Keir Starmer’ın konuşması Yeni İşçi Partisi’ne net bir dönüşü işaret ediyor

Paylaş

Sosyalist Parti (CWI İngiltere ve Galler) haftalık gazetesinin gündem yazısı

İşçi Partisi lideri Keir Starmer’in İngiltere için vizyonunu ortaya koyduğu konuşması, sıkıcı olduğu yönündeki eleştirilere karşı hiçbir şey yapmadı. Neredeyse hiçbir politika önerisi içermiyordu. Yine de, Starmer’ın konuşması kendi açısından daha önemli olan başka bir rol oynadı ve en önemli mesajı olarak gördüğü şeyi ortaya koydu: Corbyn devri bitti.
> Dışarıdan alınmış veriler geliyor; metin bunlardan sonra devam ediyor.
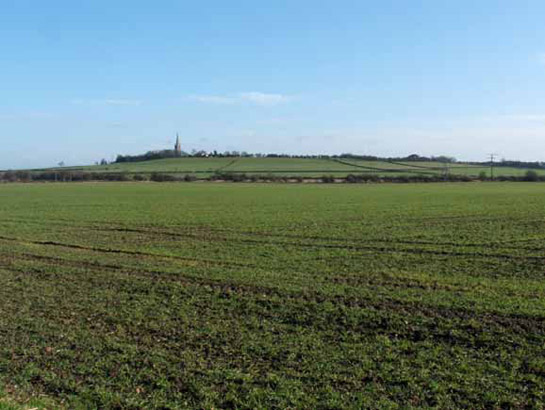 Figure 1: Looking towards the village of Laughton en le Morthen across land enclosed from Laughton Common by Parliamentary Award in 1771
Starmer’ın İşçi Partisi lideri olması için oy verenlerin çoğu bunu, İşçi Partisi’nin 2019 seçim manifestosundaki ana politikaları terk etmeyeceği umuduyla yaptı. Ancak, liderliğinin ilk gününden itibaren, kapitalist sınıfın çıkarlarına ters düşen herhangi bir politikanın yanında durmaya niyeti olmadığı açıktı.

Büyük şirketler

Starmer, Britanya bayrağı önünde yaptıgı konuşmaşını söyle özetlendi: “İşçi Partisi, sosyal adalet ve eşitliği sağlamanın tek yolunun iş dünyası ile güçlü bir ortaklıktan geçtiğini çok uzun süredir fark edemedi.”

Bunu söylerken kimi kastetti? Tony Blair, Gordon Brown veya Ed Miliband’ı değil. Starmer, Corbynism’i çöpe atmaya çalışıyordu: İşçi Partisi’nin Blair döneminin büyük şirketler yanlısı sloganları yerine, en azından çalışan ve orta sınıfların çıkarları için bir program ortaya koymaya hazır bir liderliğe sahip olduğu beş kısa yıldı bu Corbyn dönemi.
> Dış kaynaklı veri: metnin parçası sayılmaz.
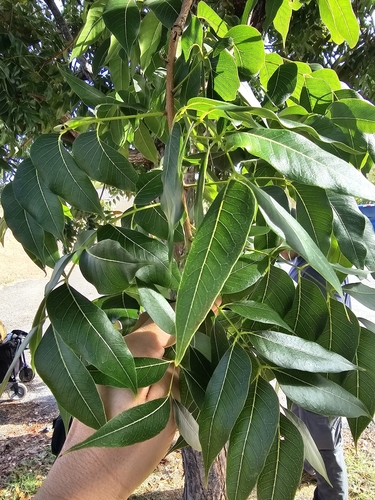 Swietenia aubrevilleana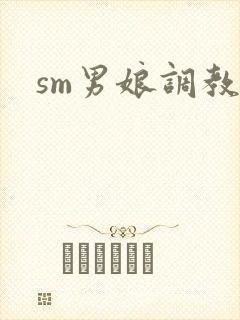 sm男娘调教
Kapitalist elitler, Corbyn’i yenmek için dişe diş savaştı ve ne yazık ki Corbyn ve çevresindekilerin tereddütleri ve uzlaşma konusundaki istekliliği onlara zafer kazandırdı. Bunu sonucu Starmer ve onun dirseğinde olan Peter Mandelson oldu. Tony Blair’in “karanlığın prensi” olarak nitelendirdiği Mandelson, zamanında Yeni İşçi Partisi’nin “insanların aşırı zenginleşmesine karşı son derece rahat olduğunu” ilan etmişti ve şimdi İşçi Partisi’ne aktif olarak geri döndü. Yani Starmer’ın konuşması ‘Yeni İşçi Partisi’nin’ yeniden ayaklanmasından başka bir şey değildi.
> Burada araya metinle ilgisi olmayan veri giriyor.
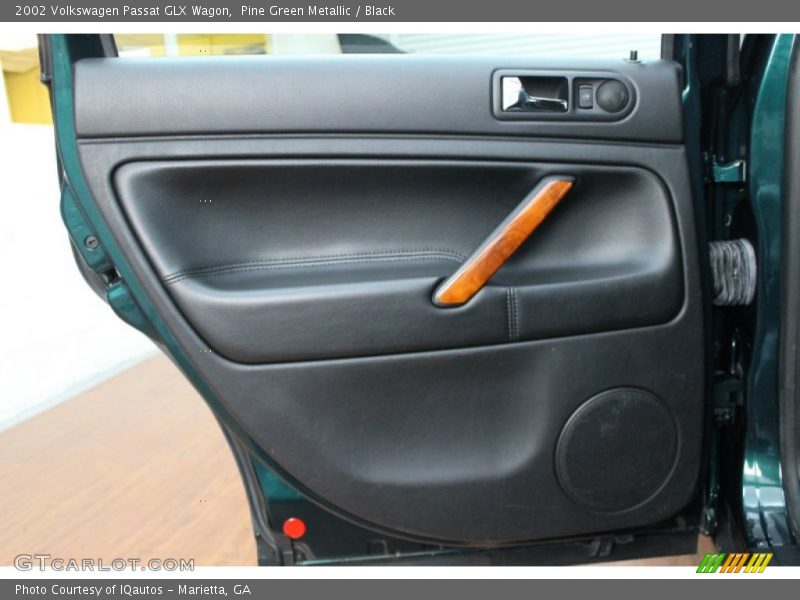 Door Panel of 2002 Passat GLX Wagon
Özelleştirilmiş kamu hizmetlerinin kamulaştırılmasından veya vurguncuların Ulusal Sağlık sisteminden kovulmasından söz edilmedi. Corbyn’in kitlesel belediye evi yapımı programı vadi ortadan kalktı ve yerini anlamsız bir “uygun fiyatlı” konut hayaline bıraktı. On yıllardır Konservatifler ve Yeni İşçi Partisi hükümetleri uygun fiyatlı konut sözü verdiler, ancak bunu gerçekleştirmek için özel sektöre güvenerek güvensiz, pahalı evlerden başka bir şey yaratmadı.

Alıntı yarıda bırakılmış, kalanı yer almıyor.